**What you have to do:**
In the entries that follow, find the line containing "Playbook For Successful" and the line containing "RPPC Oslo, Norway", then retype exactly the lines from the first through the second, pictures excluded.

**Extracted data:**
----------------------------------------

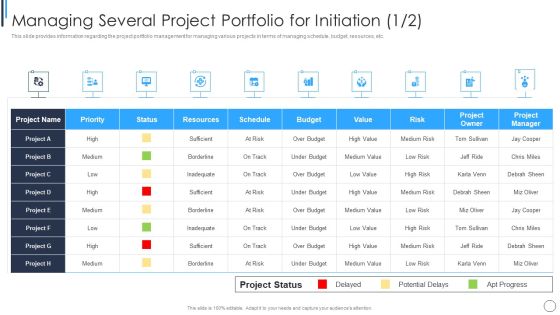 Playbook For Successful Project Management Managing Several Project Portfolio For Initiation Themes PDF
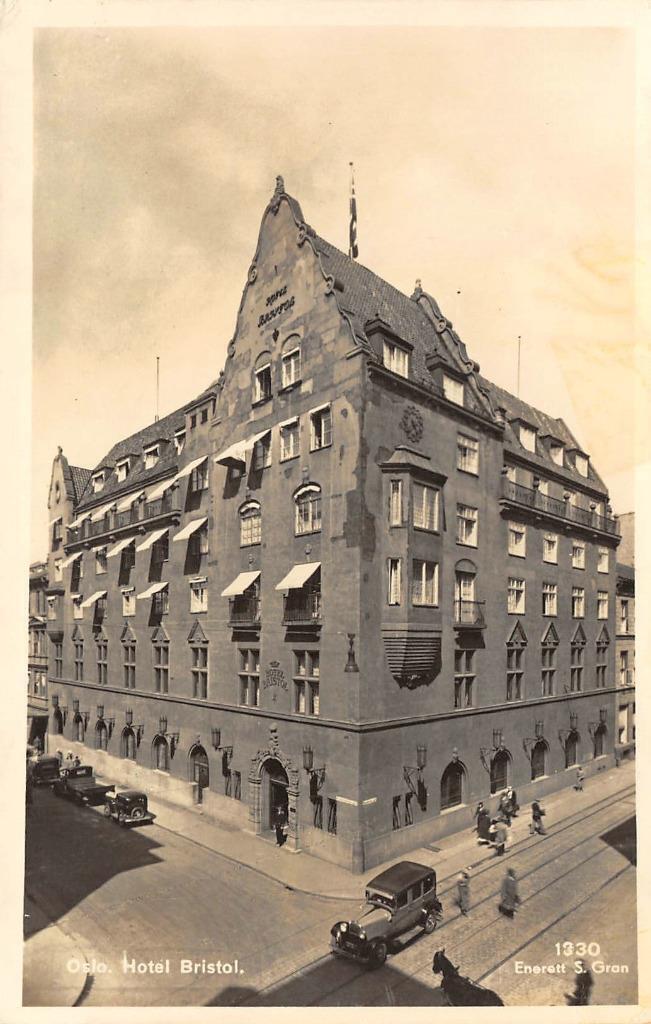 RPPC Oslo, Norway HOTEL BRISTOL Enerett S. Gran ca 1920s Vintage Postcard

----------------------------------------

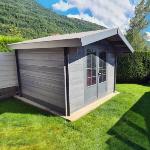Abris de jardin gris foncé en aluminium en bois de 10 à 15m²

----------------------------------------

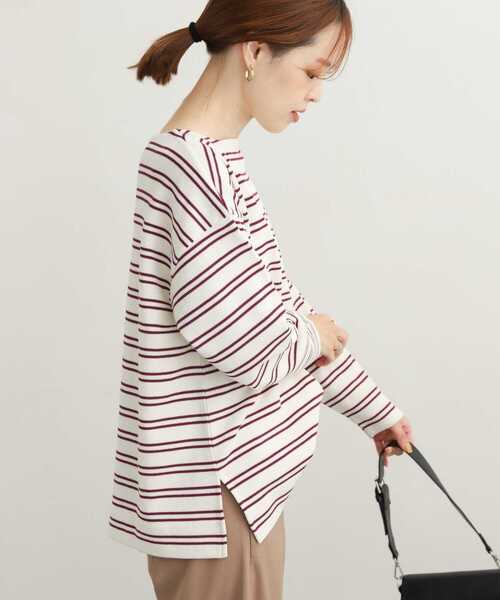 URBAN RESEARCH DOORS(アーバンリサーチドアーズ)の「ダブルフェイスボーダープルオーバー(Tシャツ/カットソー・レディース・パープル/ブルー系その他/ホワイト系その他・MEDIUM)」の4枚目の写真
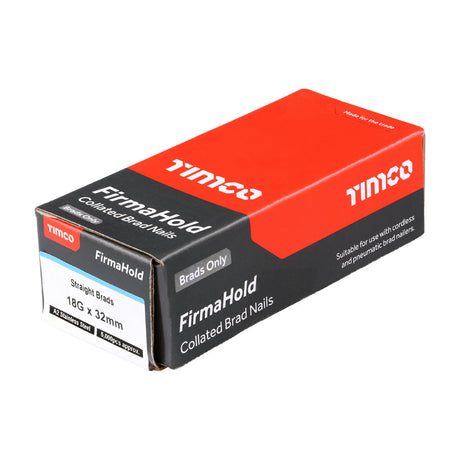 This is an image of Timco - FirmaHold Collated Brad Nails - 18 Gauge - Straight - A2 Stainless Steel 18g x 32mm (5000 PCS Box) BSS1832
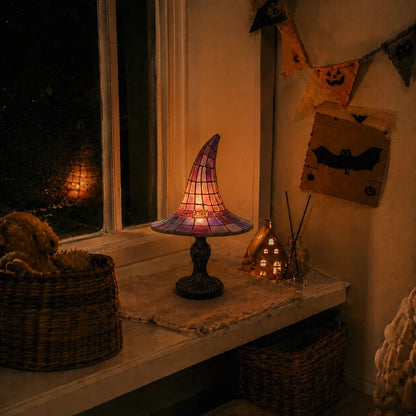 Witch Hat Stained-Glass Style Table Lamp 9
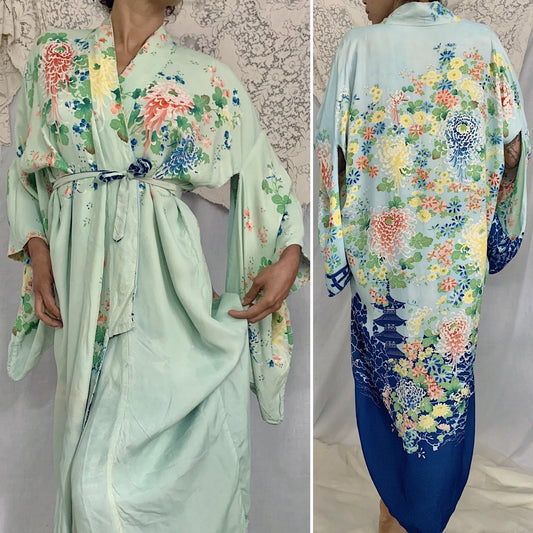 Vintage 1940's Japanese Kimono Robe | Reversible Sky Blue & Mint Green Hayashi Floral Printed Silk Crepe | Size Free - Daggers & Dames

----------------------------------------

**Response:**
 Playbook For Successful Project Management Managing Several Project Portfolio For Initiation Themes PDF
 RPPC Oslo, Norway HOTEL BRISTOL Enerett S. Gran ca 1920s Vintage Postcard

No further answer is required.